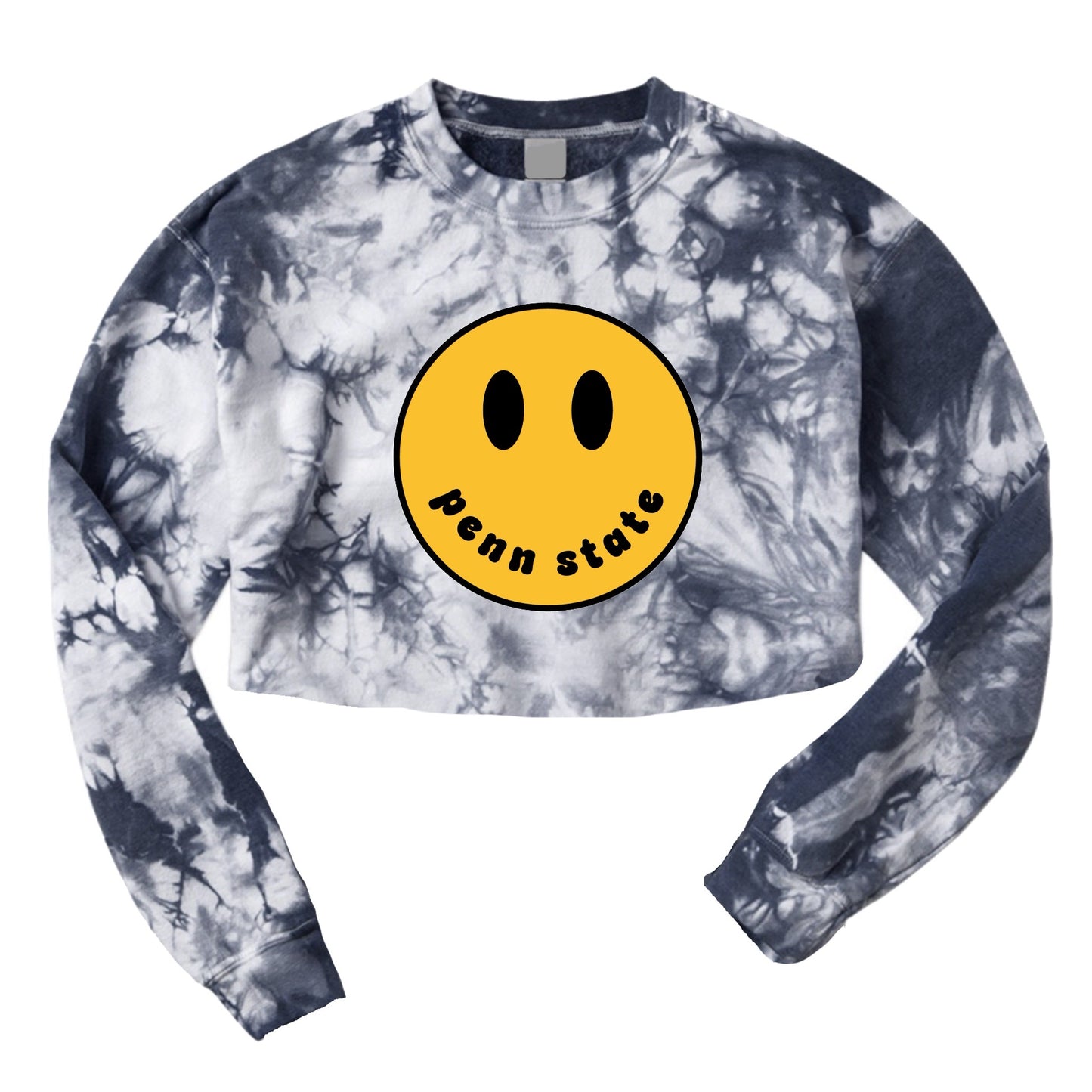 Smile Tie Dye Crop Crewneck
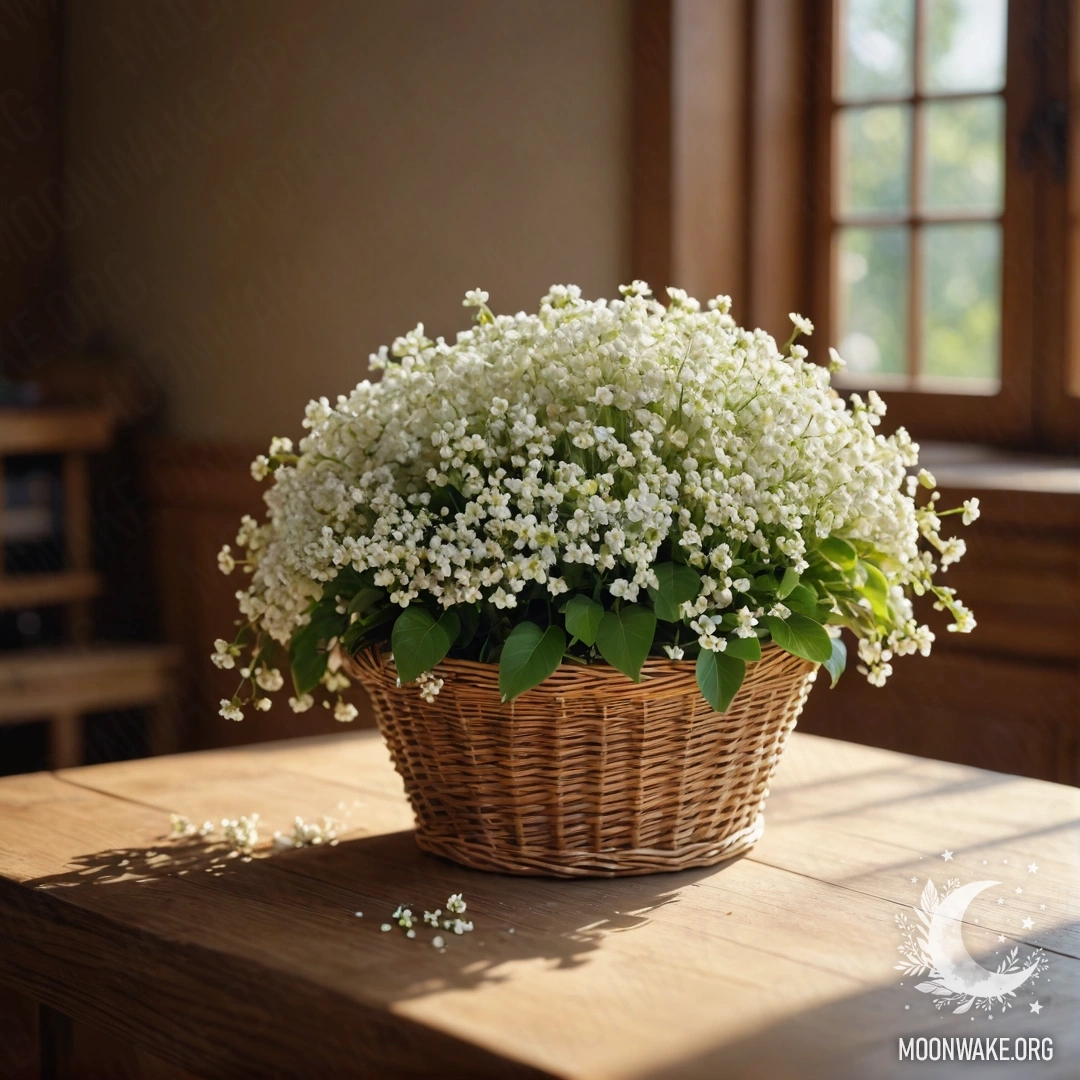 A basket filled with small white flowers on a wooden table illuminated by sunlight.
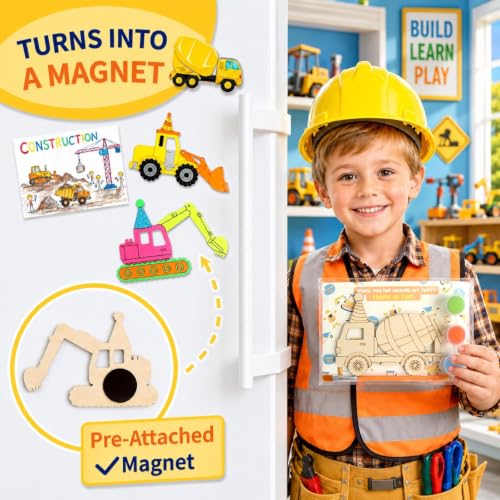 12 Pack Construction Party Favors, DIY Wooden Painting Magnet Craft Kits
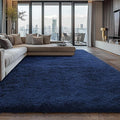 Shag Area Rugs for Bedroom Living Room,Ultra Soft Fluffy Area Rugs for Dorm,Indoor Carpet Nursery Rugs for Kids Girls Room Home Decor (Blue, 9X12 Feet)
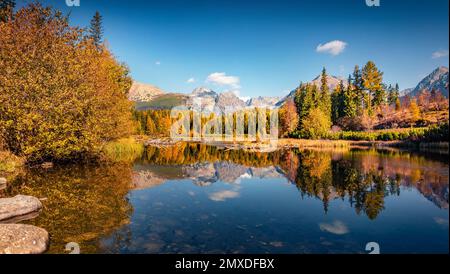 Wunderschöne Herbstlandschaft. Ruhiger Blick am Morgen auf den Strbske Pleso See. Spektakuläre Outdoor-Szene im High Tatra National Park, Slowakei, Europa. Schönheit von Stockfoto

- _EXERCISE DETAILS_:
Please retype, exactly and with the pictures left out, the lines from the line containing "12 Pack Construction" through the last line of the records above.

- _RESPONSE_:
 12 Pack Construction Party Favors, DIY Wooden Painting Magnet Craft Kits
 Shag Area Rugs for Bedroom Living Room,Ultra Soft Fluffy Area Rugs for Dorm,Indoor Carpet Nursery Rugs for Kids Girls Room Home Decor (Blue, 9X12 Feet)
 Wunderschöne Herbstlandschaft. Ruhiger Blick am Morgen auf den Strbske Pleso See. Spektakuläre Outdoor-Szene im High Tatra National Park, Slowakei, Europa. Schönheit von Stockfoto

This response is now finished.